Did Joan Of Arc have girl power? Was she gaslight gatekeep girlbossing it across France? The question implies the answer; that we are in danger of projecting our own present context onto a 15th century woman whose visions sent her on a mission for God. Yet women and men were inspired by her example, and continue to be so, in their own contexts. If Joan of Arc did not exist then we would have had to create her. And in a sense so did Charles VII, needing every boost to his cause; and so did the English needing a villain they could destroy.

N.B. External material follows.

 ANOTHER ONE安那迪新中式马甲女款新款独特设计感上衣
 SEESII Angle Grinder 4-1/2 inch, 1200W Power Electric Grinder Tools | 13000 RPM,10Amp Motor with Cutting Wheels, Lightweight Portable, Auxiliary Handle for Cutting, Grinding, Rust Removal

Joan thought herself compelled into action by her visions of saints and angels. She was extraordinary, and found herself so prominent by coming forward during a crisis. Yet history tells us of innumerable medieval women coming forward at such moments. Leaders, supporters, builders, soldiers. Impelled into traditionally male roles. And always and ever, women inspired by faith. To serve God and religion, to declare themselves followers of Christ. Even to lay down their lives and become a martyr.

A Perfect Virgin Saint.

  1. Immediately questions arise. For example in the Roman Empire Augustus passed many laws encouraging people to marry and have children. He believed that the family was the source of strength in the state, something he struggled with in his own family. We might take this as proof that by offering honours and privileges to wives and mothers, they were highly esteemed. Yet if that is the case, why does Augustus need to pass laws to encourage them?
  2. Throughout the Roman Republic and Empire there was enormous competition amongst young women to become a Vestal Virgin; alas such comparisons are outside the scope of this essay.